ABSTRACT VIEW
LOCAL LLMS: SAFEGUARDING DATA PRIVACY IN THE AGE OF GENERATIVE AI. A CASE STUDY AT THE UNIVERSITY OF ANDORRA
A. Dorca Josa, M. Bleda-Bejar
Universitat d'Andorra (ANDORRA)
The growing field of Generative Artificial Intelligence (GAI) presents an unprecedented opportunity for innovation across diverse sectors. The inherent nature of these models, trained on vast amounts of data often sourced from the public domain, raises critical concerns regarding data privacy and security. At the same time, the reliance on centralized servers hosted by large technology companies that have access and utilize these powerful AI tools introduces a significant vulnerability. This paper argues about the importance of deploying local Large Language Models (LLMs) on on-premise servers to mitigate the risks associated with data leakage to GAI providers.

Also, it has to be taken into account that the very act of transmitting data to remote servers inherently introduces security vulnerabilities. Data breaches, cyberattacks, and unauthorized access can compromise the confidentiality of user and company information, potentially leading to identity theft, financial fraud, or other detrimental consequences.

Deploying local LLMs on on-premise servers presents a compelling solution to data security and accessibility challenges. The University of Andorra (UdA) has implemented a local LLM server using open technologies such as Ollama, Open WebUI, and Automatic1111. This infrastructure enables the hosting of most small to medium-sized open-source LLM models for the teaching and administrative staff community. By retaining both the AI model and the processed data within a controlled environment, organizations can establish and guarantee a strong data security framework.
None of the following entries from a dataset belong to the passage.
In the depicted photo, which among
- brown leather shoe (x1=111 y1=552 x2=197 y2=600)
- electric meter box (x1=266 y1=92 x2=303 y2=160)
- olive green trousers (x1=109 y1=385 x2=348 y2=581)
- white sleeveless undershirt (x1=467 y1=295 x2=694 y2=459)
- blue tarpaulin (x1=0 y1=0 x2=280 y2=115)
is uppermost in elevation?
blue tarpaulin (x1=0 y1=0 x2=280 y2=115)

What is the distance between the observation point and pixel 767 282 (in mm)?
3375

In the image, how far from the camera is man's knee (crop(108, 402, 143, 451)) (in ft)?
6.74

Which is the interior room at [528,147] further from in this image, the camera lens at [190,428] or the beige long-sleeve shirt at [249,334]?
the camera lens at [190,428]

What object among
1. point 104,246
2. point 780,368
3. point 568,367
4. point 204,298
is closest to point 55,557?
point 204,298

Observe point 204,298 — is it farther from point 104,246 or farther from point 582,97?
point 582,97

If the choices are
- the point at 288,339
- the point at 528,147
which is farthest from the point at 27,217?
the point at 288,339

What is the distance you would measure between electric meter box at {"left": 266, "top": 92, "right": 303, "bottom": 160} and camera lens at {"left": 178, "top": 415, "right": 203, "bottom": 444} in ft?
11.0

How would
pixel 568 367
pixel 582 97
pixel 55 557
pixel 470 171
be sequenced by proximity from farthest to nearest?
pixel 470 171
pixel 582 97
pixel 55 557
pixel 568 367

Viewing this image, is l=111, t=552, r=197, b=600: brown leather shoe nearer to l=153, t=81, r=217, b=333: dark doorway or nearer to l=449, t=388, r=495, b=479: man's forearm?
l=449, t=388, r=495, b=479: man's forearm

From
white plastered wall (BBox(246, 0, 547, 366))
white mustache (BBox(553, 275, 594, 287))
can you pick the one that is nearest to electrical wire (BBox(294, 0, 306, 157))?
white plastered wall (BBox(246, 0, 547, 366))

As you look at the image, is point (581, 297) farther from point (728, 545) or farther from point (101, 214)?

At the same time, local LLMs empower organizations to exercise greater control over their data and AI capabilities. They can fine tune the model to their specific needs, ensuring alignment with their business objectives and ethical considerations.

Implementation of local LLMs, however, is not without its challenges. The initial investment in hardware infrastructure can be substantial, particularly for smaller organizations. Additionally, maintaining and updating local AI models requires technical expertise and ongoing resources.

This paper focuses on discussing the pros and cons of this kind of setup as well as the bare minimums needed to host an LLM on premises both to ensure the capabilities previously mentioned and, at the same time, ensure a successful user experience. Features like talking with documents or websites using Retrieval Augmented Generation (RAG), user data integrity and privacy, or image generation should be within the initial requirements.

Finally, a qualitative survey has been conducted among the teaching and administrative staff at the UdA to gather insights and use cases for improving the setup in the future. The results revealed that data privacy and open access are the most valued features, while the quality of responses compared to other private and closed online models is perceived as the least favorable aspect. Despite this, there is promising potential for local implementations of LLMs, with plans to extend the service to students in the near future to bridge any accessibility gap they may currently face.

Keywords: LLM, open, privacy, security, user experience.